----- Data for processing

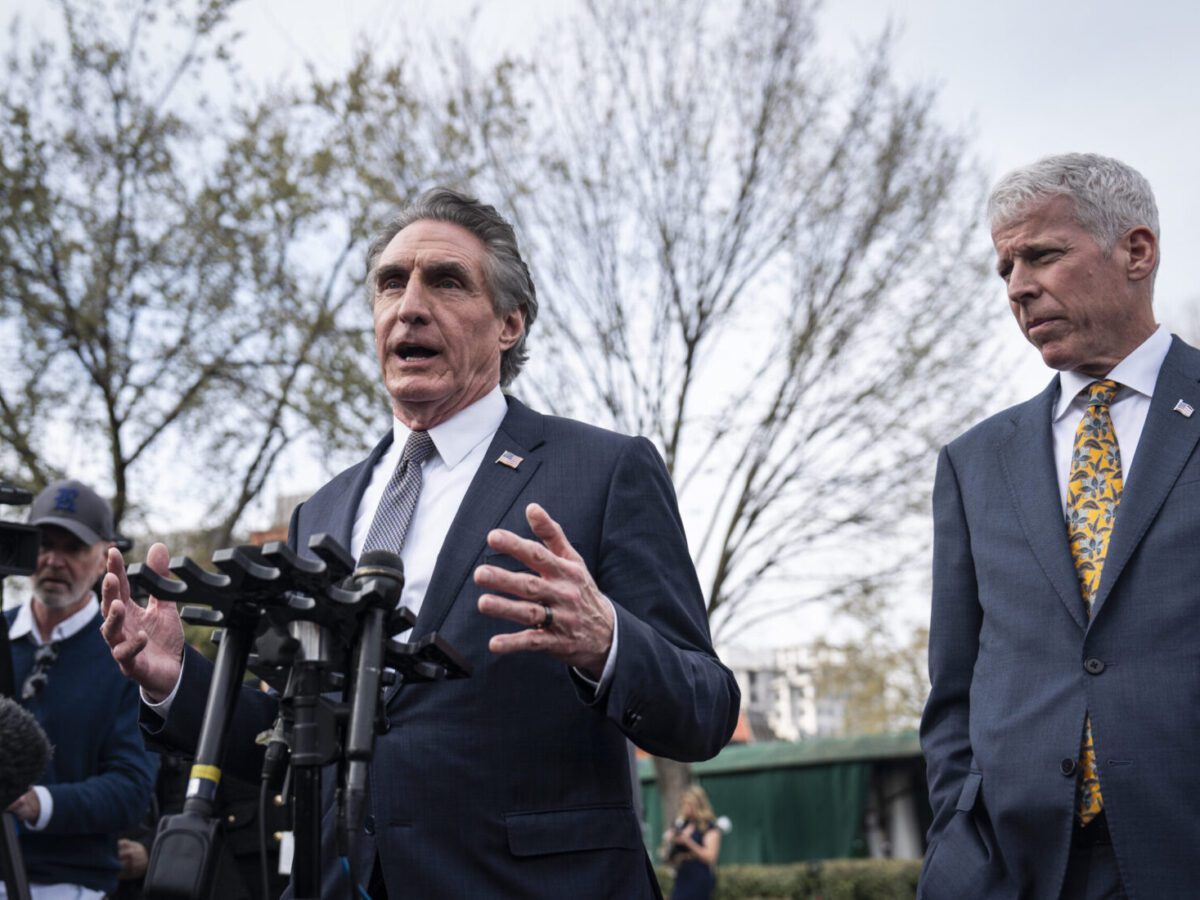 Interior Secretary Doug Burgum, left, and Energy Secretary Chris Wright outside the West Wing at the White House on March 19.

----------
----- Data for processing

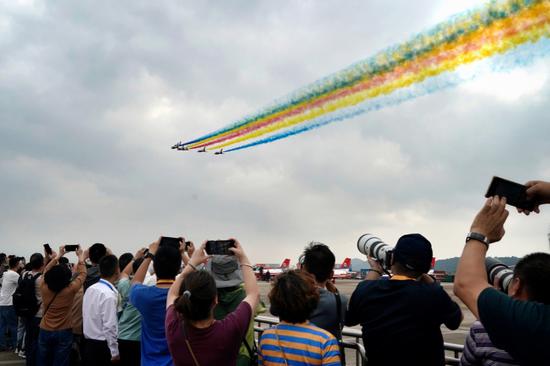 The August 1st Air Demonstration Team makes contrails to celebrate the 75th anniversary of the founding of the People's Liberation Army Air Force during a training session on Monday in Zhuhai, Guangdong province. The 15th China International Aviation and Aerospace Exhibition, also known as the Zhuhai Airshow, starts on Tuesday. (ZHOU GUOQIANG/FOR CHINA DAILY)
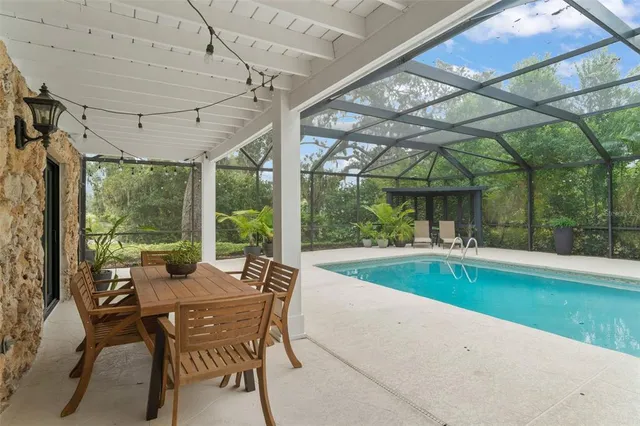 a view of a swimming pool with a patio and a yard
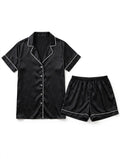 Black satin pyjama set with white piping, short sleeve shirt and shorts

----------

### Assigned task
Look back at the data above, then output exactly the lines from the line holding "a view of a" up to and including the line holding "Black satin pyjama". Leave out the pictures.

### Reply
 a view of a swimming pool with a patio and a yard
 Black satin pyjama set with white piping, short sleeve shirt and shorts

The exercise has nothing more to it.